Sotto il profilo occupazionale, la pandemia ha indebolito il Sud più che il Nord. È quanto emerge dal dossier della Fondazione Studi Consulenti del Lavoro: “Il lavoro nel Mezzogiorno tra pandemia e fragilità strutturali”.
Dallo studio emerge che nel biennio 2019-2021 vi è stata una perdita di 125.000 occupati, solo in parte attenuata dal boom del settore edile: l'unico a registrare nel Mezzogiorno un saldo positivo (+60.000 occupati). L'indagine, la prima del dopo pandemia con dati ISTAT regionali e provinciali aggiornati al 2021, evidenzia le criticità di un'economia e di un sistema lavoro che non riescono a invertire la loro parabola discendente.
Il documento si concentra anche sugli altri aspetti che contribuiscono al deterioramento delle condizioni di lavoro al Sud: uno fra tutti la precarizzazione del lavoro. Nel 2021 su 10 contratti attivati, ben 4 sono temporanei e part time. Ad incidere sulla "questione meridionale" anche l'ampliamento del divario di genere e la crescita del sentimento di disaffezione e allontanamento dal lavoro da parte dei giovani. “L'economia meridionale negli ultimi vent'anni ha visto crescere sempre più il proprio divario rispetto al resto del Paese – sostiene Rosario De Luca, presidente della Fondazione Studi Consulenti del Lavoro – basti pensare a Decontribuzione Sud, utilizzata dalle aziende per il 57,3% o al Reddito di Cittadinanza, che di fatto non hanno agevolato l'inserimento lavorativo nel lungo periodo. In tale contesto, qualsiasi politica occupazionale rischia di avere il fiato corto, in assenza di interventi che permettano un vero rilancio del Mezzogiorno".
Per quanto attiene al Sannio, Benevento nel 2021 aveva uno dei tassi di occupazione più bassi d'Italia: il 44,7 per cento della popolazione tra i 15 e i 64 anni, 90esimo posto in Italia e una delle differenze più marcate tra tasso di occupazione maschile e femminile, 21,3 per cento.

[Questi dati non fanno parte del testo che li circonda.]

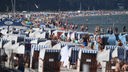 Ein Ostsee-Strand voller Menschen und Strandkörbe.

Raggiunto telefonicamente da Ottopagine.it per un commento nel merito, il consulente del lavoro sannita e giuslavorista Antonio Maiella si è così espresso: “La pandemia ha certamente fatto registrare un calo importante degli 'anticorpi' del tessuto industriale delle aree interne della Campania. Territori, questi, storicamente affetti da un'endemica fragilità economico/ finanziaria. Gli addetti ai lavori e la politica devono riflettere in maniera rigorosissima sulle azioni materiali e immateriali da mettere in campo, pur non avendo una ampia capacità di spesa. E' tempo di elaborare idee progetto di ampio respiro”.
E per quanto attiene al Sannio: “La domanda é: perché investire al Sud? Diamo risposte a questo interrogativo. Gettiamo, quantomeno, le basi per arginare la desertificazione demografica che morde il Sannio”.